Priapism is a urological emergency requiring identification of the underlying aetiology because prompt therapy may successfully alleviate the condition and minimise potential morbidities. Psychotropic-induced priapism is not uncommon. It is essential that patients who are to receive psychotropic medications be forewarned about its risk.     MT





1.    Montague DK, Jarow J, Broderick GA, et al; Members of the Erectile Dysfunction Guideline Update Panel; American Urological Association. American Urological Association guideline on the management of priapism. J Urol 2003; 170(4 Pt 1): 1318-1324.

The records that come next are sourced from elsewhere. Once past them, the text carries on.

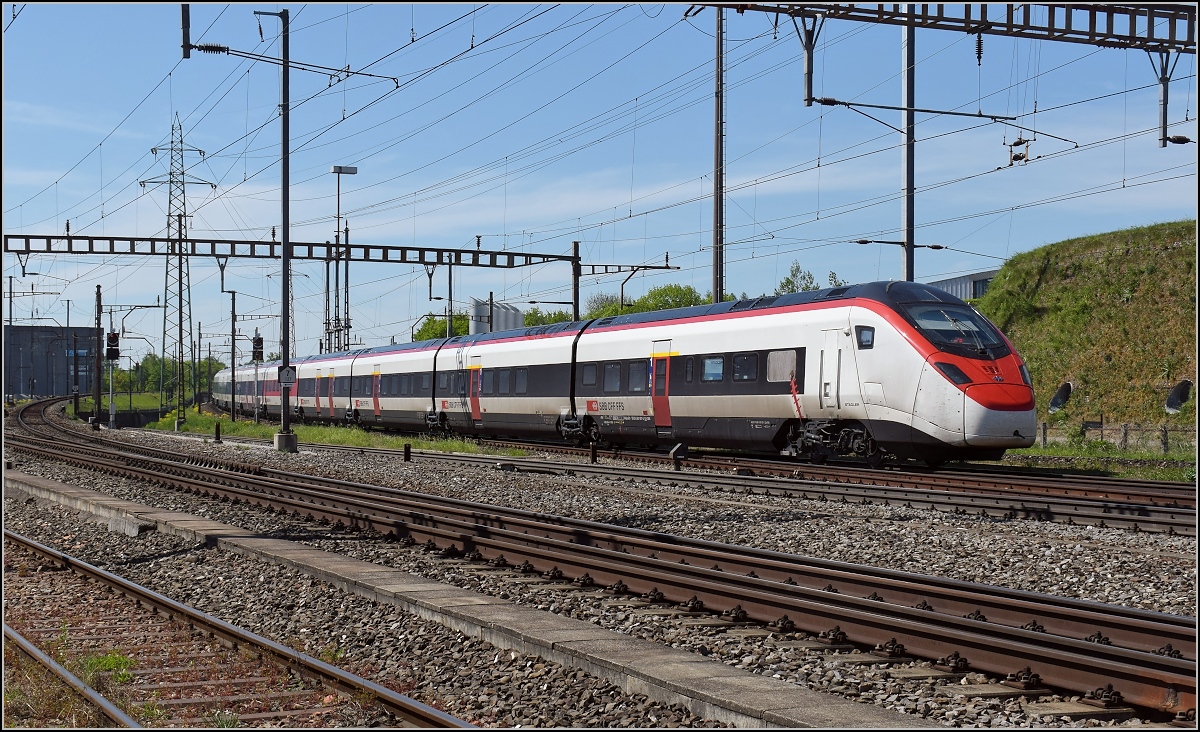 Giruno RABe 501 001 hat schon jede Menge Schmutz abbekommen, dafür hatte mir ein Güterzug den ziehenden RABe 501 006 ordentlich zugefahren. So konnte ich danken, dass der Zug doch noch eine Minute vor Ort für mich posierte, bevor es zu Tests nach Deutschland weiterging. April 2018.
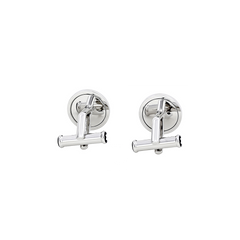 Um par de botões de punho prateados com um design circular clássico e um fecho de barra em T na parte de trás. Os botões de punho são simétricos, polidos e parecem ser feitos de um metal brilhante, possivelmente prata esterlina. Eles estão isolados em um fundo branco que realça sua aparência elegante e sofisticada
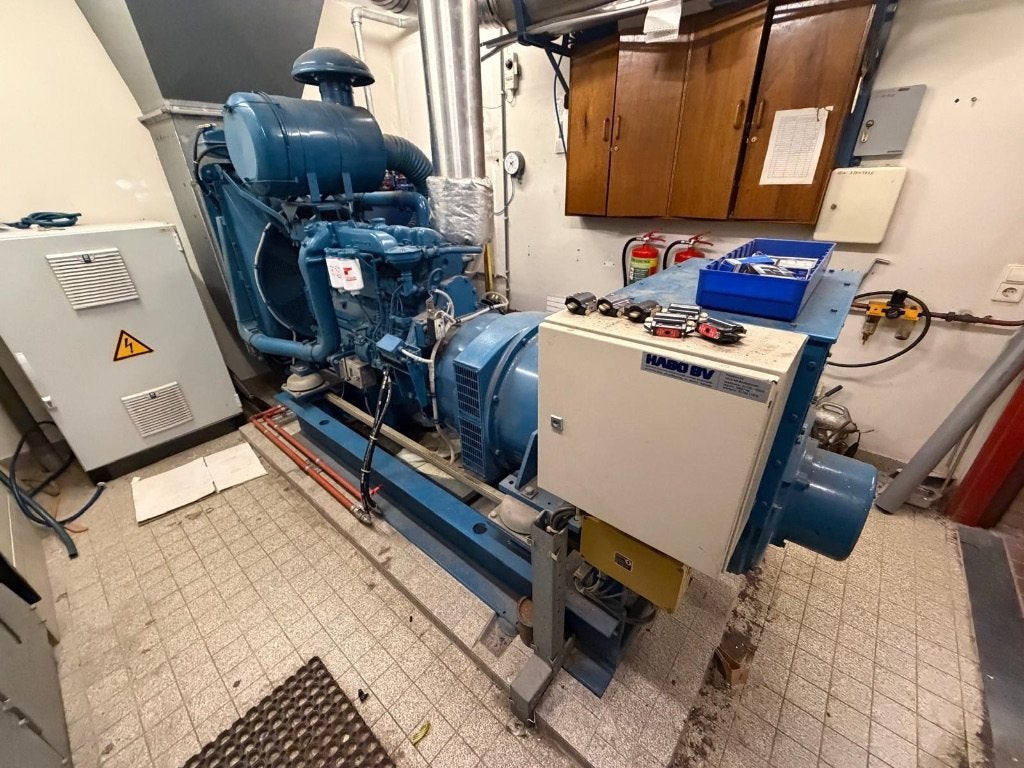 Noodstroomaggregaat MAN 280 KW / 325 KVA, Doe-het-zelf en Verbouw, Ophalen of Verzenden, Gebruikt, 30 kVA of meer, Dieselolie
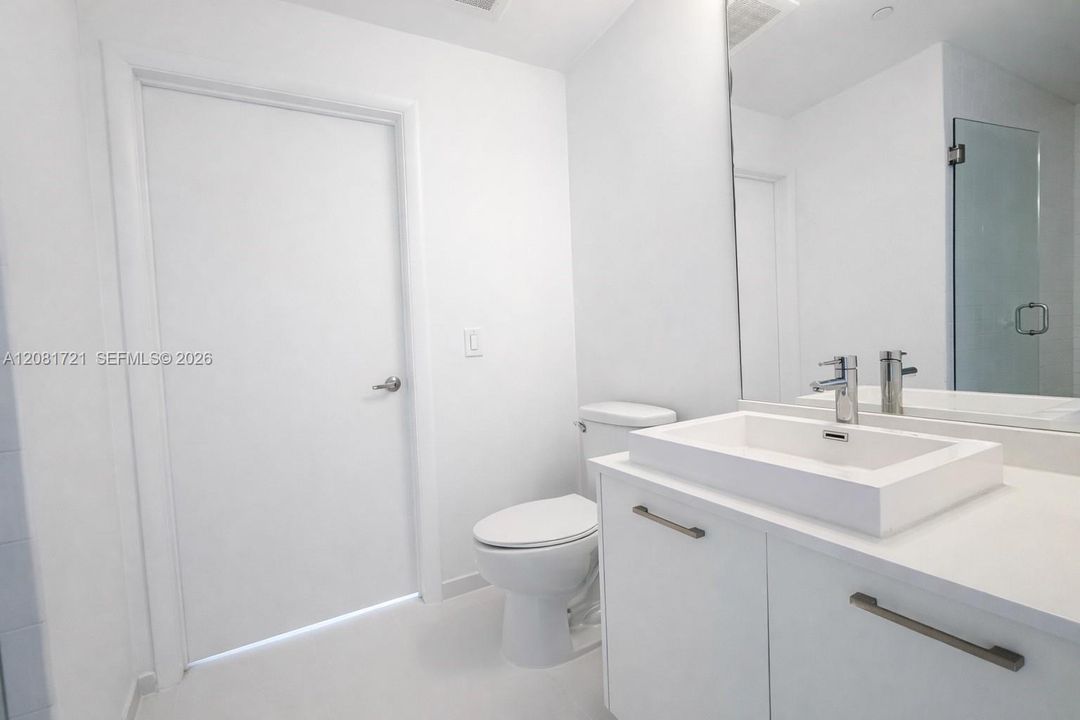For Sale: $529,500 (2 beds, 2 baths, 977 Square Feet)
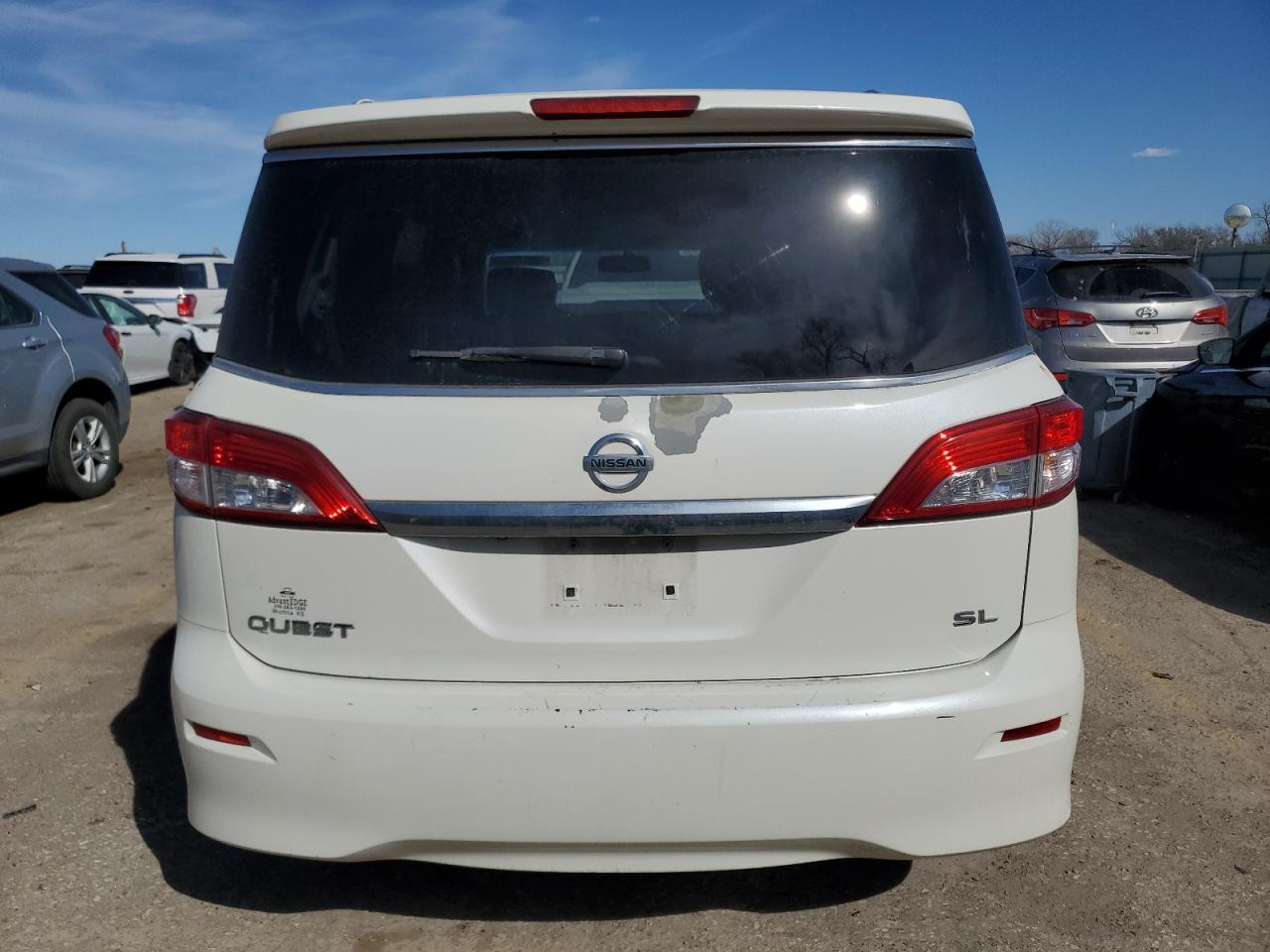 2011 NISSAN QUEST S - Фото 6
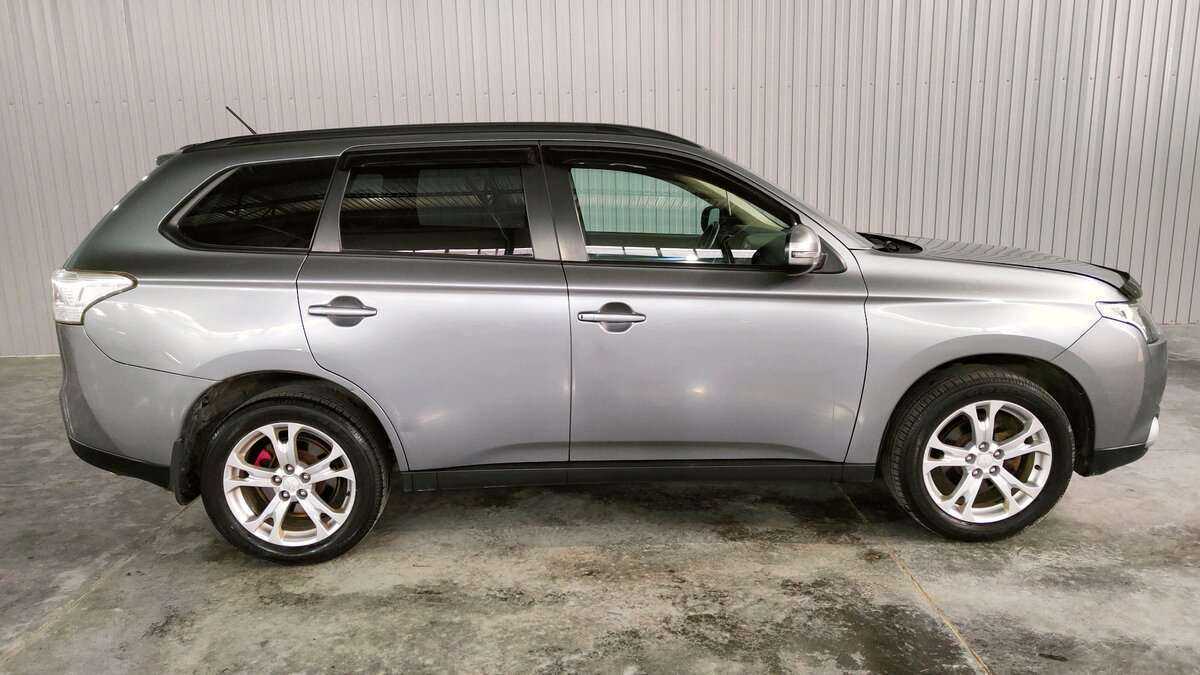 Mitsubishi Outlander с пробегом — 2012 год. Фото: #3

2.    Eland IA, van der Lei J, Stricker BH, Sturkenboom MJ. Incidence of priapism in the general population. Urology 2001; 57: 970-972.
3.    Thompson JW Jr, Ware MR, Blashfield RK. Psychotropic medication and priapism: a comprehensive review. J Clin Psychiatry 1990; 51: 430-433.
4.    Berger R, Billups K, Brock G, et al; AFUD Thought Leader Panel on Evaluation and Treatment of Priapism. Report of the American Foundation for Urologic Disease (AFUD) Thought Leader Panel for evaluation and treatment of priapism. Int J Impot Res 2001; 13(Suppl 5): S39-S43.
5.    Burnett AL, Sharlip ID. Standard operating procedures for priapism. J Sex Med 2013; 10: 180-194.